Desde o início da nossa graduação, pudemos perceber que a faculdade é um ambiente onde as opiniões, ideologias e crenças borbulham. Pessoas de vários tipos, vestimentas, gostos, ideias, estilos. Infelizmente ainda não é um ambiente tão colorido, mas o quadro vem mudando ano após anos. Ainda bem.
E no meio desse ambiente fértil, efervescente, eis que surge para nós uma mulher de preto, dreads, negra de pele clara. Militante, inteligente, forte. Nossa veterana do curso de Jornalismo, mais nova que nós, mas tão mais experiente. Empoderada. Esse é o adjetivo que a define, concordamos com isso enquanto escrevíamos seu perfil. Giovana. Giovana Amorim. Sua boca sempre aberta em momentos sérios, para risadas engraçadas, tragadas de cigarro e goles de bebida.
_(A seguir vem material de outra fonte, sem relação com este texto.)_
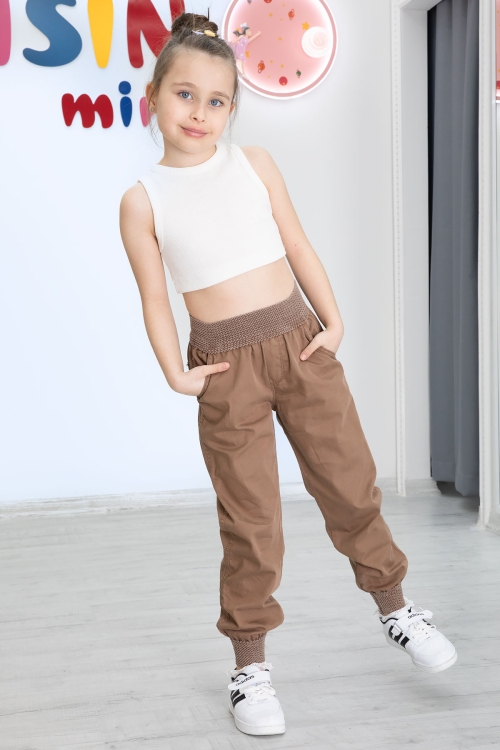 Kahverengi Bel ve Paçası Ribanalı Kız Çocuk Pantolon 20476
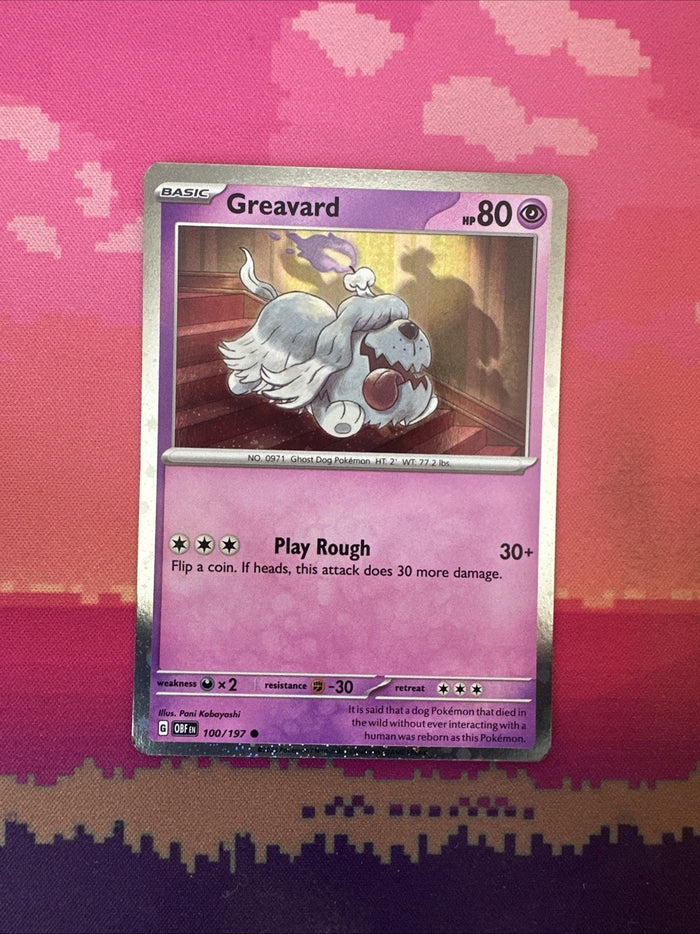 Pokemon Card Greavard Obsidian Flames Cosmo Holo 100/197 Near Mint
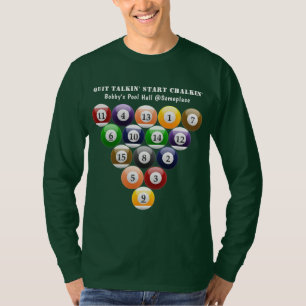 T-shirt Jeu de piscine des boules de billard de support de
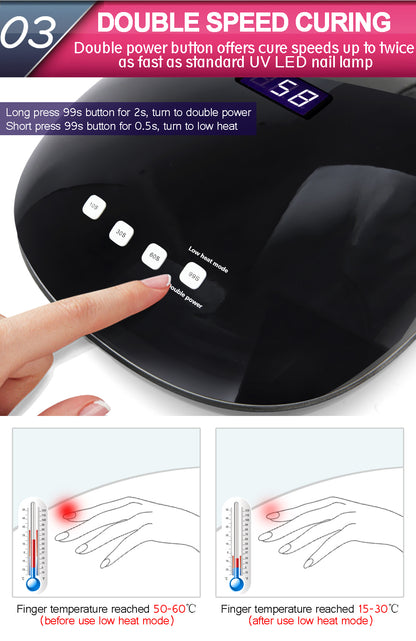 LED Nail Gel Polish Dryer Manicure Sensor Light Black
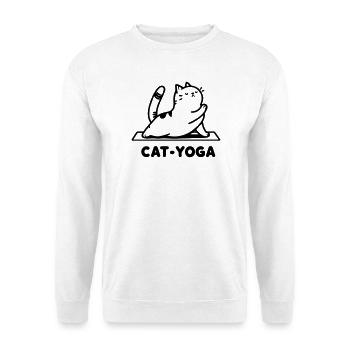 Cat Yoga - Humour Félin pour les Amateurs de Yoga - Sweat-shirt Unisexe - blanc - Devant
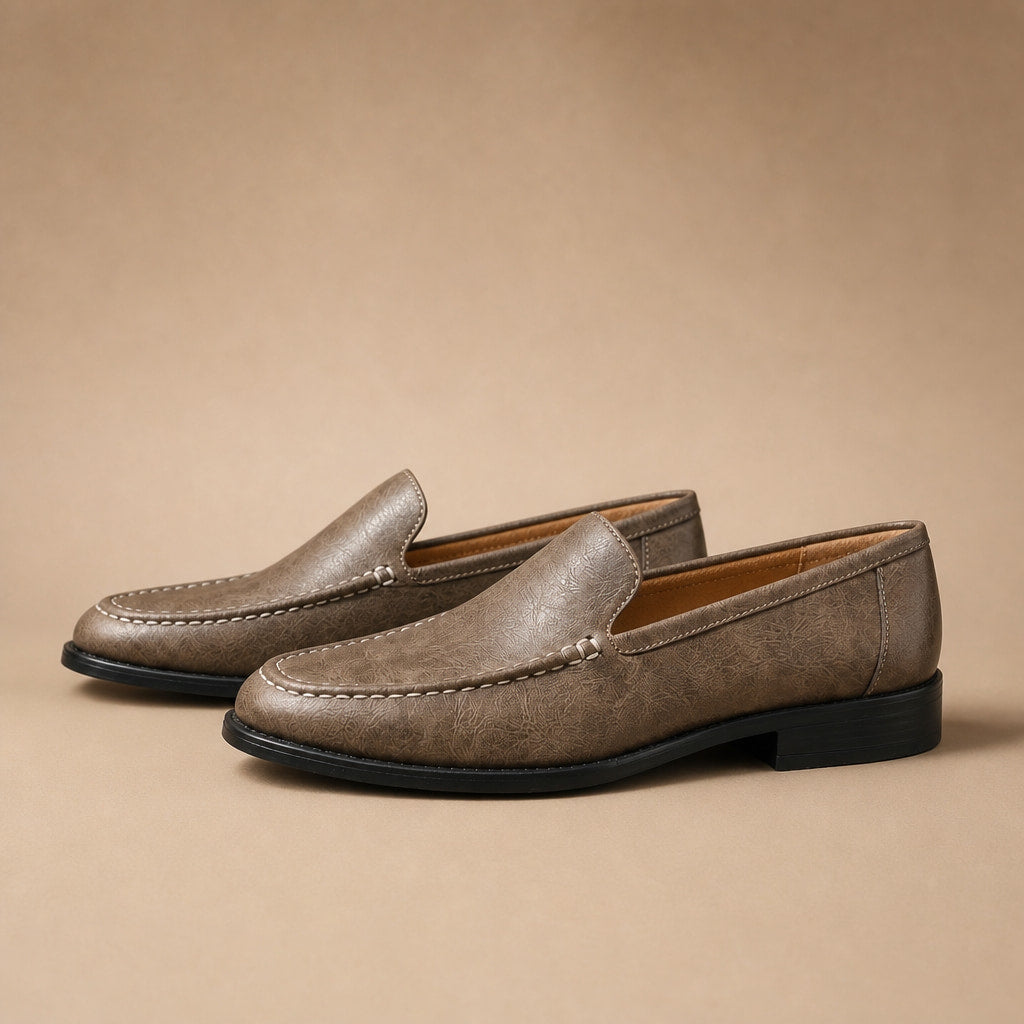Leather Loafer Shoes Slip On in Brown – Tarlano Premium Menswear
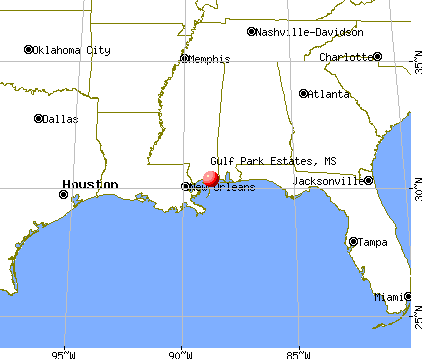 Gulf Park Estates, Mississippi map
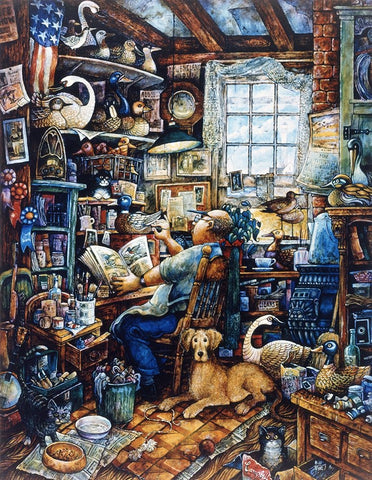 Birdman  White Modern Wood Framed Art Print with Double Matting by Bell, Bill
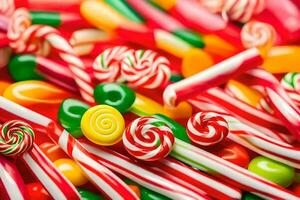 many different types of candy are shown in this image. AI-Generated photo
Apesar de sermos mais velhas que nossa perfilada, é impactante o quanto aprendemos muito mais em discussões em que a Giovana e outras colegas de faculdade estavam presentes, sobre a desigualdade de gênero, do que em textos que já havíamos lido, ‘textões’ do facebook. Enquanto escrevemos esse texto, percebemos, cada vez mais, como faz diferença na vida de uma mulher contar com outras que ajudam a compreender melhor o mundo. Mas por quê Giovana? Além do impacto que nos causou nos nossos primeiros anos de graduação, ainda era para nós uma figura inatingível.
Passado alguns anos, a oportunidade de realmente conhecer Giovana surgiu. Um amigo que temos em comum passou a dividir o mesmo teto que ela. Até aquele momento, frequentar debates em que ela estava eram oportunidades valiosas para aprender mais sobre música, política, sociedade. A partir disso, esses momentos começaram a fazer parte da nossa rotina, eram nossos almoços de domingos, conversas no bar, momentos assistindo filmes junto. Quanto mais o tempo passou, maior ficou a admiração por ela, pois cada vez, de pouco a pouco, algo sobre ela se revelava.
Ao mesmo tempo mulher e menina. Como Giovana é tímida! Sua voz é maravilhosa, e é de conhecimento entre todos nossos amigos que ela tem jeito para cantar. Aquela figura empoderada e inteligente é tímida, ainda bem que isso não a atrapalha na hora de se impor e de demonstrar suas ideias, pois que pena seria não saber sobre elas.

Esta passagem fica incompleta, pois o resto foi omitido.